I was expecting gunman to chime in though he may feel that each of us has posted a good number of postings on W & S though I do have some things to say that I have not covered regarding the 700 series. As other folks have said that the 400 series was a more up market gun the reason being it was built and sold before ww2 with the 700 coming after ww 2 at a time when things in Britain was a lot of hand to mouth with rashoning that went on until 1954. Because of this people did not have a lot of disposable income so W & S still had to produce a home market range of shot guns so the 700 series side by side was produced as a cost cut 400 series. There where cost limitations removal of screw grip disk set strikers and back to basic wood, though on the working parts that mattered quality stayed the same with very little alterations. One benefit of the war that a lot of good quality steel was available at low prices. The first guns that came out of the factory where real plain Jane's and that name did stick for many years though the kinder name was a keepers gun with no frills but with ejectors the ability to work well in all situations with very little service if any.

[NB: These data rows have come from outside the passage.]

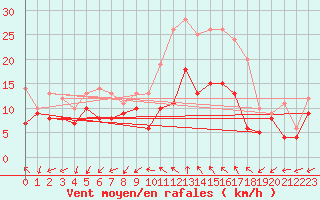 Courbe de la force du vent pour Buzenol (Be)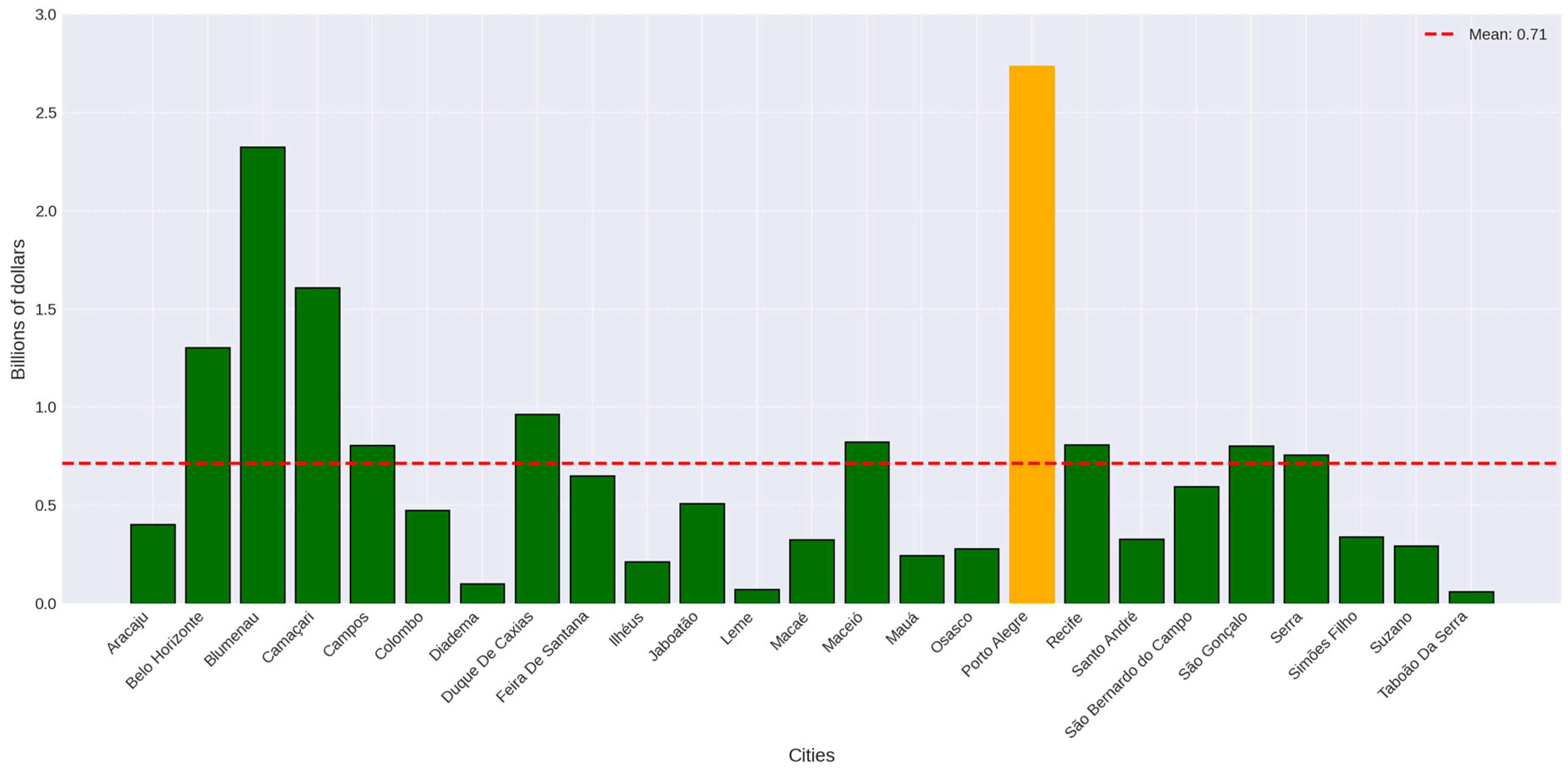 Plants 14 00392 g005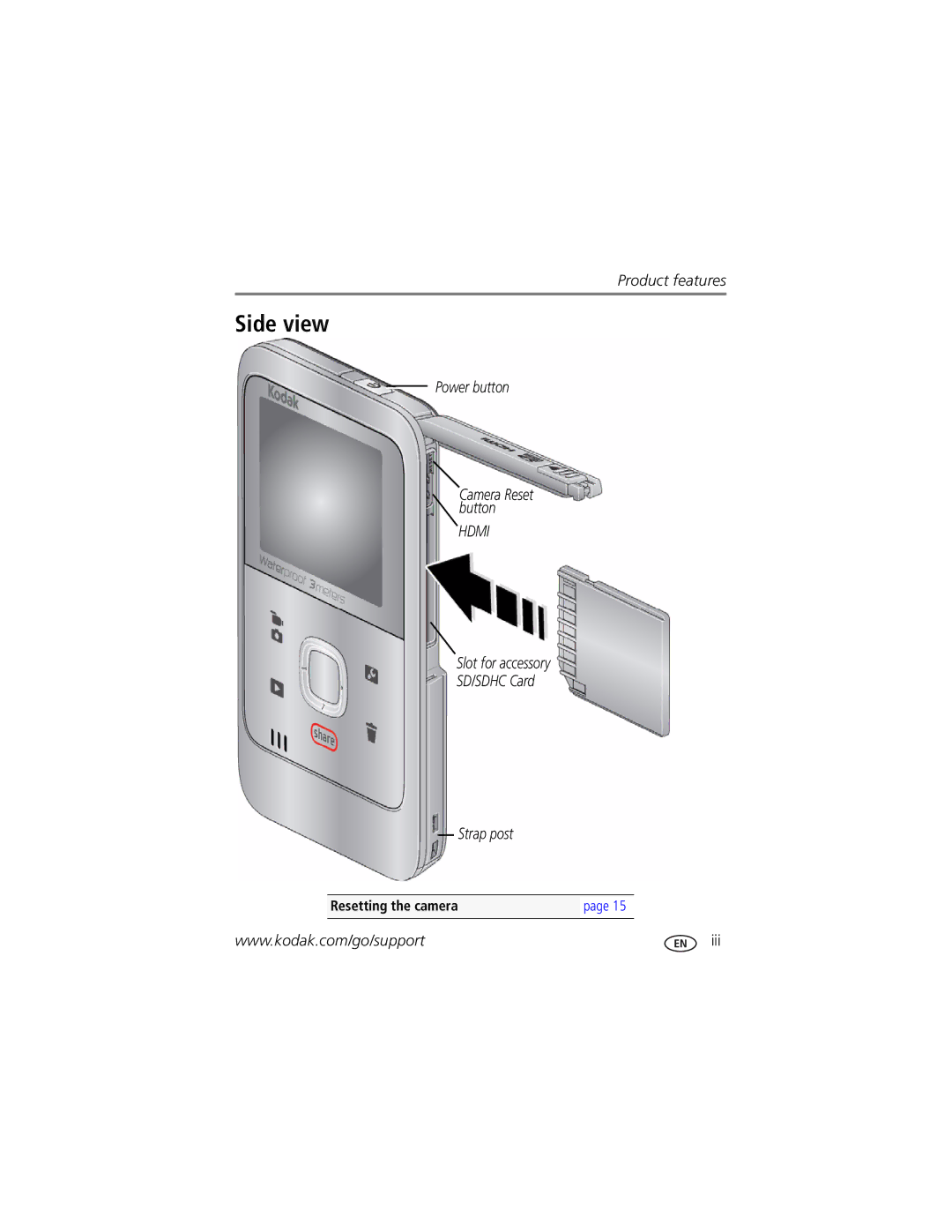 Kodak Ze2 manual Side view 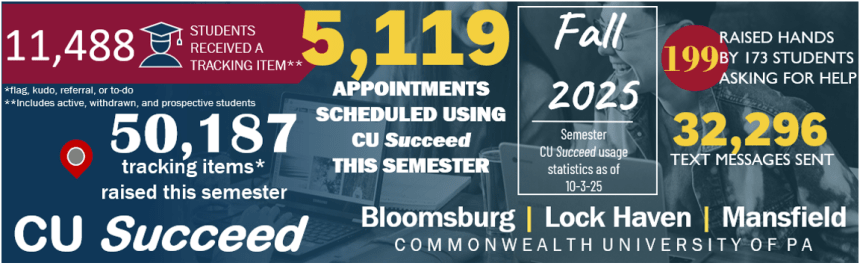 CU Succeed Fall 2025 Usage Statistics 10-3-25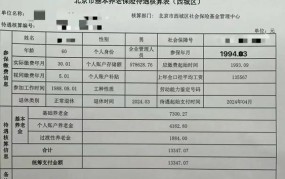 北京企业退休养老金调整标准是什么？如何计算？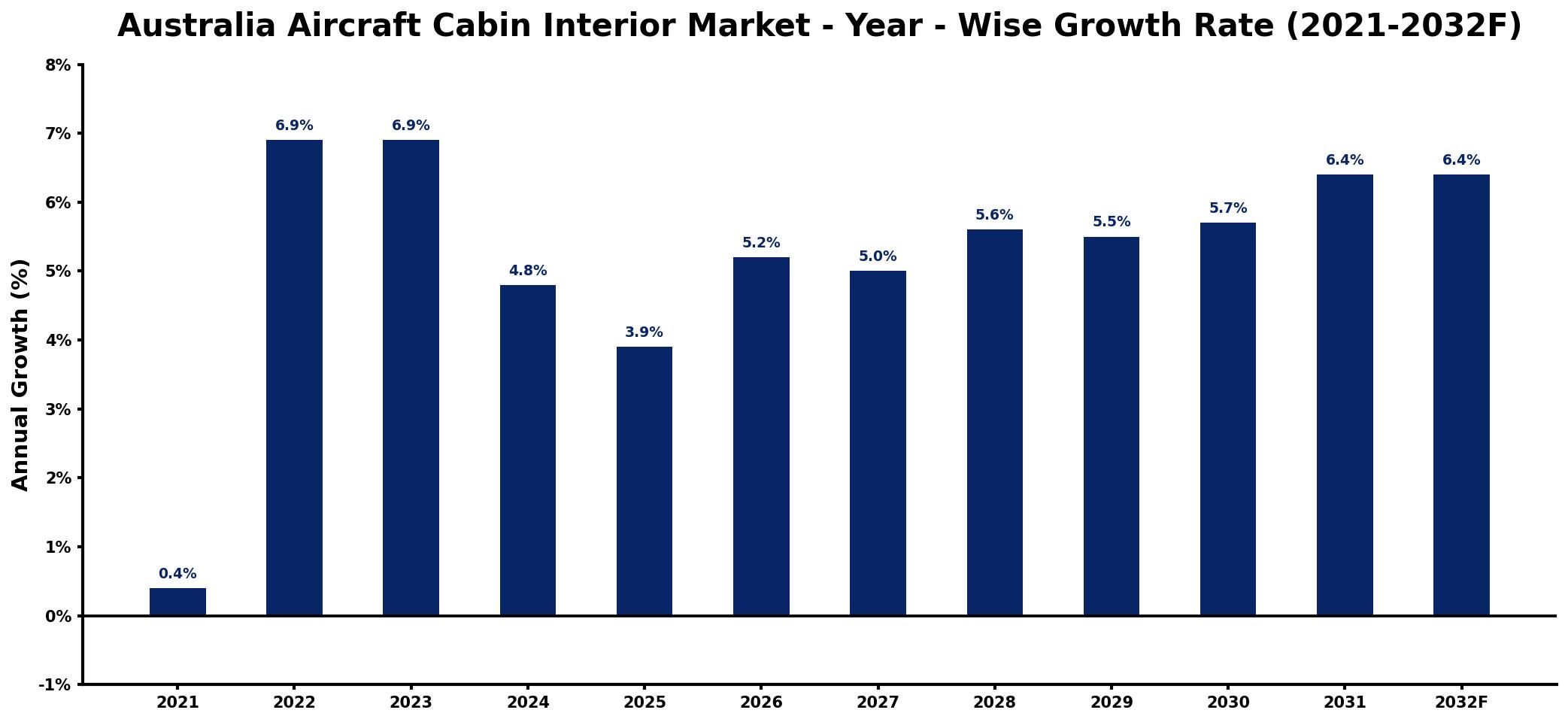 Australia Aircraft Cabin Interior Market Year-wise Growth Rate and Key Drivers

This is my 1950 700 what you see is what you get. But what you cant see is the handling and balance being slightly lighter and is far superior to the models that followed along later.
Also with 21/2 inch chambers
Just for comparison two actions one very early and a later offering of the 700 the bottom action in the photograph is the oldest
Finally a mid 70's version but by then w & S would make many barrel lengths and different wood and engraving qualities, including some two barrel sets
All with 23/4 inch chambers though the later versions do not handle like their first offerings but as they say what cant speak cant lie a vast am mount of the factory's 700 output is still with us and working well some 60 years later.
Engraving is not generous but it is hand engraved with the engravers having a little personal flexibility on how they engraved the guns as you will see from the action photograph. Could say a lot more but it has already been said a number of times though one thing that is starting to grate with me is the much rolled out fixed hinge pin with you have to do work on the barrel hook if the gun comes off face. From what I have found there are mot many gunsmiths want to go to all the work of removing the hinge pin and making a larger replacement when they could just weld the barrel hook and that goes for many guns.